Collected material =
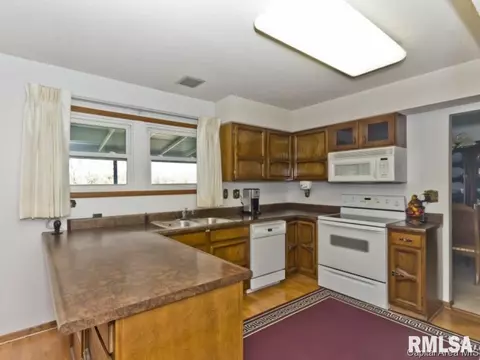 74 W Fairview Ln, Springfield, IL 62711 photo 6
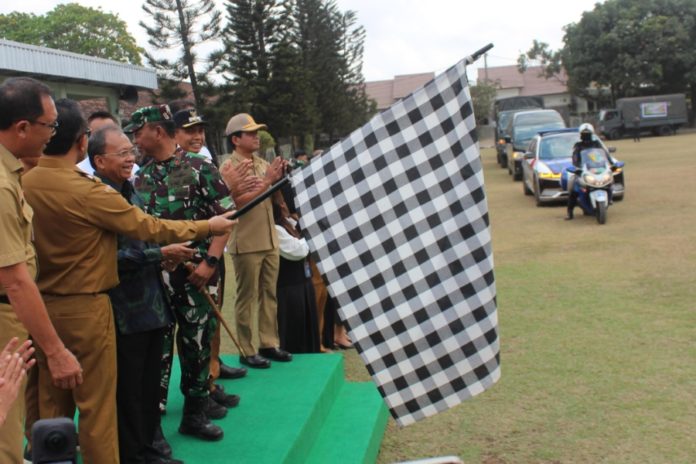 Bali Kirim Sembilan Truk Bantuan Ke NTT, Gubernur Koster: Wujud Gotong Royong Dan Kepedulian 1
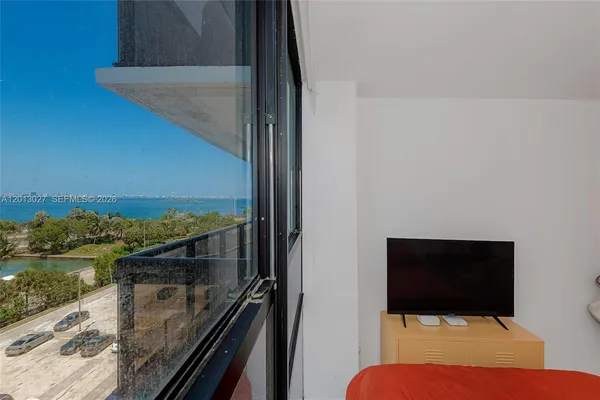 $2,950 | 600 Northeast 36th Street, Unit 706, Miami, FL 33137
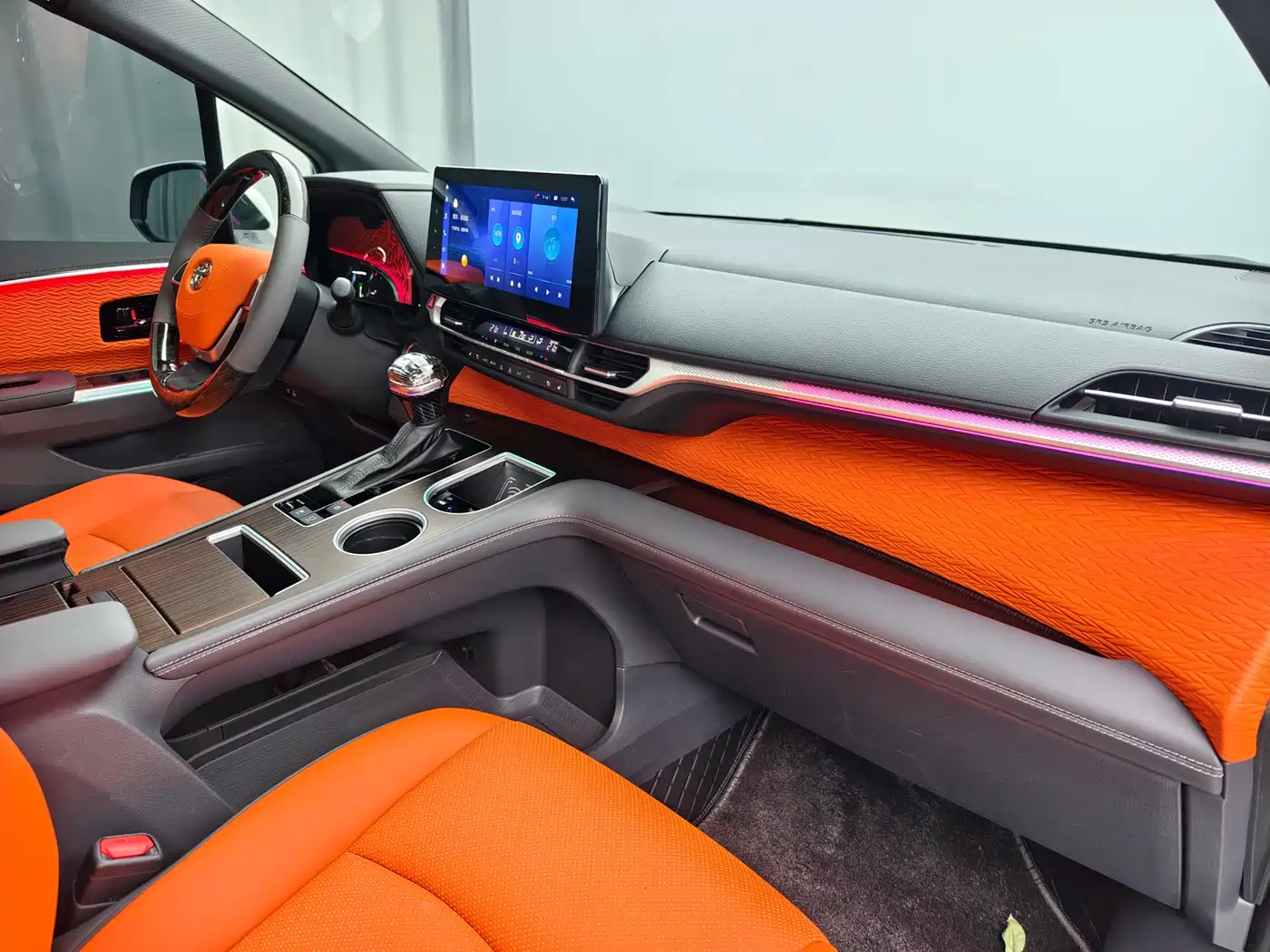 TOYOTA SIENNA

Assigned task = Transcribe, please, the lines from the one holding "Miami, FL 33137" to the final line of the material, both included, exactly and with no extra lines, and skip the pictures.

Exercise response =
 $2,950 | 600 Northeast 36th Street, Unit 706, Miami, FL 33137
 TOYOTA SIENNA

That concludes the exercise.